Ce lâché d’octobre 2019 a, selon les autorités nigérianes, provoqué des inondations dans certaines parties du Nigéria, pays qui est aussi baigné par les eaux du fleuve.

Le ministre nigérian dénonce ainsi une violation d’un protocole d’accord entre les deux pays. « Nous avons signé un protocole d’accord avec le Cameroun qui, avant d’ouvrir ce barrage, fera savoir au Nigeria », a rappelé le ministre Suleiman Adamu d’après des propos rapportés par les médias nigérians.

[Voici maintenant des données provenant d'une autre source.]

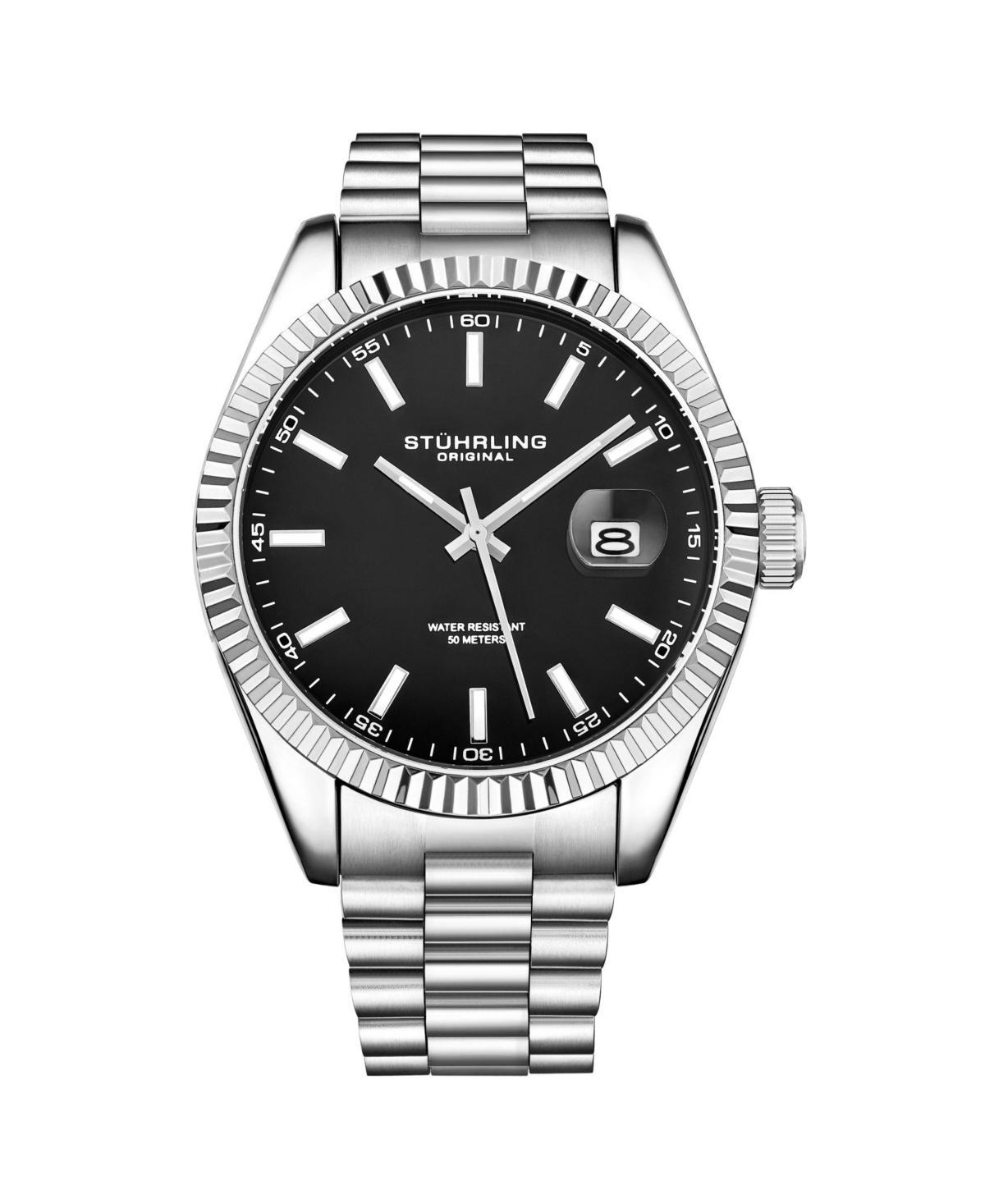 Stuhrling Mens Silver Tone Stainless Steel Bracelet Watch 42mm Product Image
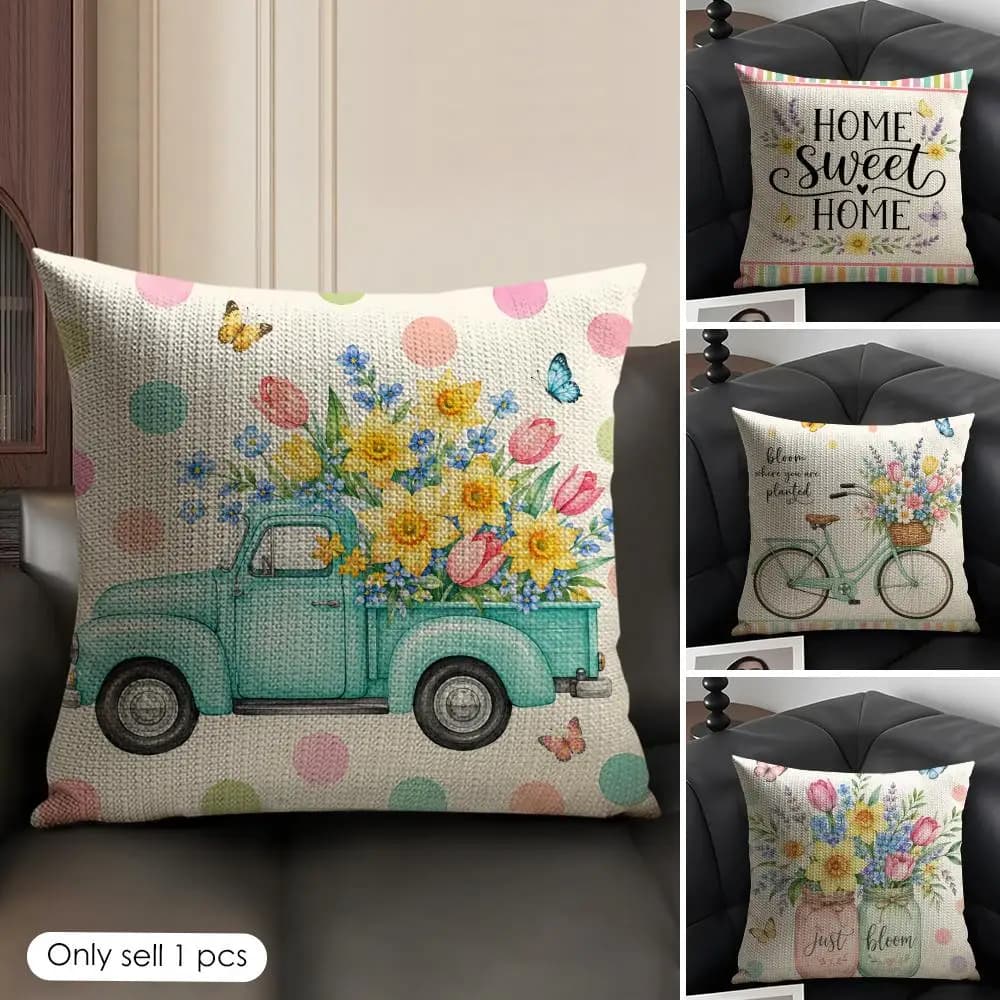 Summer Flowers Cushion Cover Linen Organic Fabric Double-Sided Printing Sofa Breathable Home Decor Gift Pillow Case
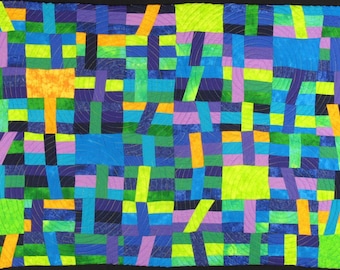 Handmade Art Quilt - HAPPY SLASH
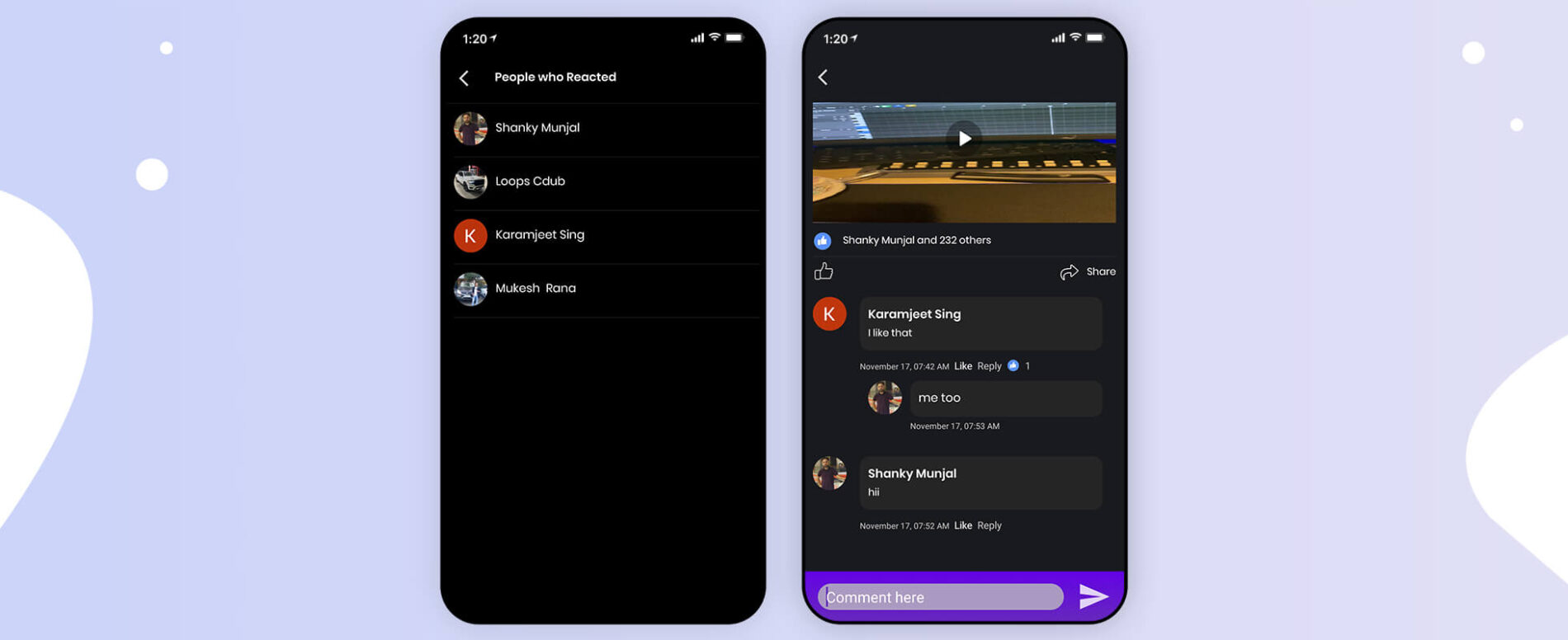 Likes and Comments on Private Social Media App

Ce haut responsable  note qu’il ne s’agit pas de la première fois qu’un tel incident de produit, d’où l’agacement de son pays. « Ce protocole d’entente a été signé en 2016 ici à Abuja lorsque le président camerounais est venu en visite d’Etat chez le président Muhammadu Buhari, il a été signé ici, j’ai été témoin de cet événement », fait-il savoir.

« Depuis lors, les choses ont fonctionné. Mais, malheureusement, cette année, à notre plus grande surprise, nous avons appris que le Cameroun avait en fait ouvert le barrage sans nous en informer », a-t-il déploré.

Le ministre des Ressources hydrauliques du Nigeria poursuit : « Et quand on nous a dit que le barrage avait été ouvert, nous avons enquêté, nous avons appelé, nous leur avons tendu la main et ils ont nié […] mais finalement, quand c’est devenu évident, ils ont maintenant accepté qu’ils avaient ouvert le barrage et ils l’ont fermé le 31 octobre ».

Et le gouvernement de ce pays voisin de menacer : « maintenant, nous allons prendre les mesures appropriées par la voie diplomatique car c’est une violation du protocole d’accord ».

Approchée pour comprendre l’attitude du Cameroun, une responsable du ministère de l’Eau et de l’Energie défend qu’il s’agit là d’une « information sensible » qui doit être portée à l’attention du ministre.

La gestion des eaux du fleuve de la Bénoué est une pierre d’achoppement entre le Cameroun et le Nigeria. En juillet 2015, lors de la visite du président nigérian Muhammadu Buhari, il avait été décidé de la signature d’un protocole d’entente sur un mécanisme d’alerte en cas de lâchers des eaux du barrage de Lagdo.

Mais avant, les experts des deux pays se sont rencontrés du 27 au 29 décembre 2012. La ministre des Ressources hydrauliques du Nigeria d’alors a séjourné au Cameroun du 23 au 26 juillet 2013. Un projet de protocole d’entente a été négocié du le 19 décembre 2014 à Abuja et signé deux ans plus tard en présence des deux chefs d’Etat.